EXERCISE DIRECTIONS: Could you return the data that follows exactly, minus the images?
INPUT DATA below:
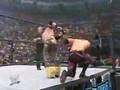 WWE Survivor Series ECW CM Punk vs The Mizz vs John Morrison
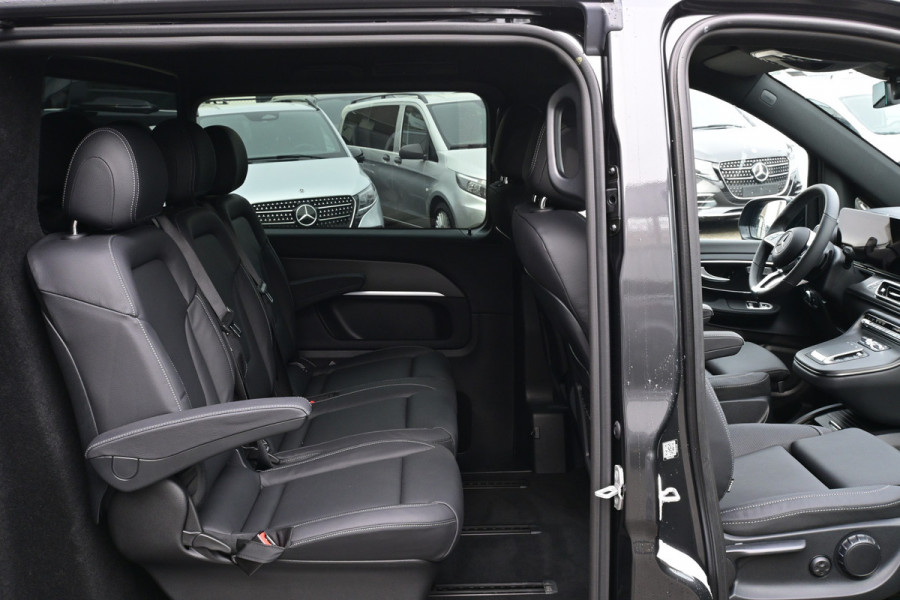 Mercedes-Benz V-Klasse 300d L3 DC AMG pakket Airmatic/Luchtvering, Geventileerde en verwarmbare stoelen
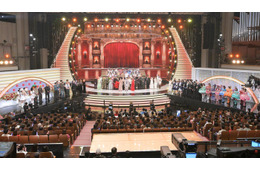 【紅白本番／写真特集】ミセス・キンプリ・AKB48・Perfumeらパフォーマンス 司会は綾瀬はるか・有吉弘行・今田美桜ら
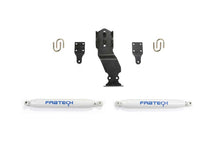 Load image into Gallery viewer, Fabtech 17-20 Ford Superduty 4WD Performance Dual Steering Stabilizer Kit Steering Stabilizer Fabtech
End of INPUT DATA.
SOLVED PROBLEM:
 WWE Survivor Series ECW CM Punk vs The Mizz vs John Morrison
 Mercedes-Benz V-Klasse 300d L3 DC AMG pakket Airmatic/Luchtvering, Geventileerde en verwarmbare stoelen
 【紅白本番／写真特集】ミセス・キンプリ・AKB48・Perfumeらパフォーマンス 司会は綾瀬はるか・有吉弘行・今田美桜ら
 Load image into Gallery viewer, Fabtech 17-20 Ford Superduty 4WD Performance Dual Steering Stabilizer Kit Steering Stabilizer Fabtech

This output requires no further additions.